The biggest OSR-producing country in Europe has had clubroot for at least 100 years. Frequency of OSR in the rotation correlates with the incidence and prevalence of clubroot disease and has helped select for pathotypes that are virulent to Mendel, the main source of resistance in most varieties. “Unfortunately we have a big problem with clubroot nowadays,” says Nazanin Zamani-Noor, researcher at the Julius Kuehn-Institute in Braunschweig, Germany.

Poland

Poland is the third biggest OSR-producing country in Europe after Germany and France. A survey by Malgorzata Jedryczka at the Polish Academy of Sciences found that one third of fields surveyed in 2017 had clubroot. Key factors for the increase in clubroot, she says, are tight rotations and the moderately to extremely acidic nature of most Polish soils.

France

Clubroot is now “extreme” in France, and 68 per cent of fields have pathotypes that can overtake the resistance in Mendel.

Japan

Japanese farmers grow a lot of brassica crops – cabbage and Chinese cabbage, broccoli and komatsuna – and clubroot is “their most troubling soil pest,” say Japanese researchers who presented at the International Clubroot Workshop. Katsunori Hatakeyama, associate professor at Iwate University in Japan, says most Chinese cabbage varieties grown in Japan have clubroot resistant (CR) traits, but “CR is sometimes broken down.”

South Korea

Clubroot is a significant problem in vegetable brassicas in Korea, says Strelkov from U of A. Korean researchers are active in the genetics of resistance and management of the disease.

China

Up to 10 million acres of cruciferous crops are infected by the clubroot pathogen annually in China, Strelkov says, and the disease is estimated to cause yield losses of 20 to 30 per cent.

Colombia

Go to canoladigest.ca to read Jay Whetter’s article “Global concern, local action” with clubroot management tips from the International Clubroot Workshop.
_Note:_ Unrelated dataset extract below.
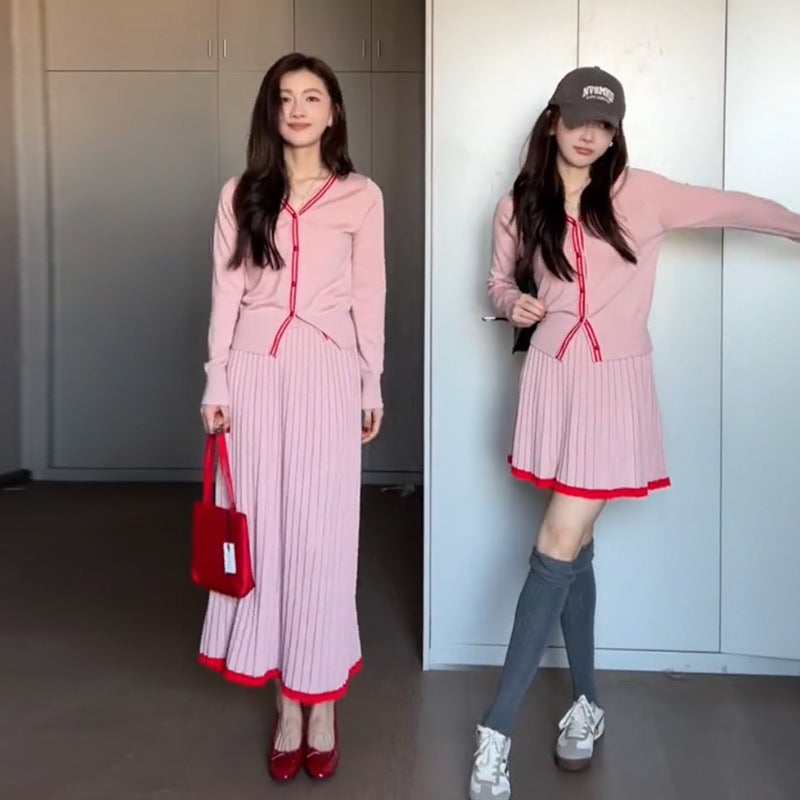 2024 Autumn Elegant Chanel Style Contrast Color V-neck Knitted Cardigan Pleated Skirt Fashion Two-piece Suit Women Single long skirt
In a 2017 national survey, 53.6 per cent of fields tested positive for clubroot. Colombia’s brassica crops are cabbage, broccoli and cauliflower, which tend to be very sensitive to clubroot. Andrea Botero-Ramirez, a Colombian and a Ph.D student working with Strelkov at U of A, says these crops have shown a 30-43 per cent yield drop with spore density of only 1,000 spores per gram of soil, and 60-75 per cent yield drop with spore density of 1,000,000 per gram. Part of the problem in Colombia is tight rotations. Fields have cruciferous crops for six months of the year then usually rotate to potatoes, lettuce, corn or carrots for six months.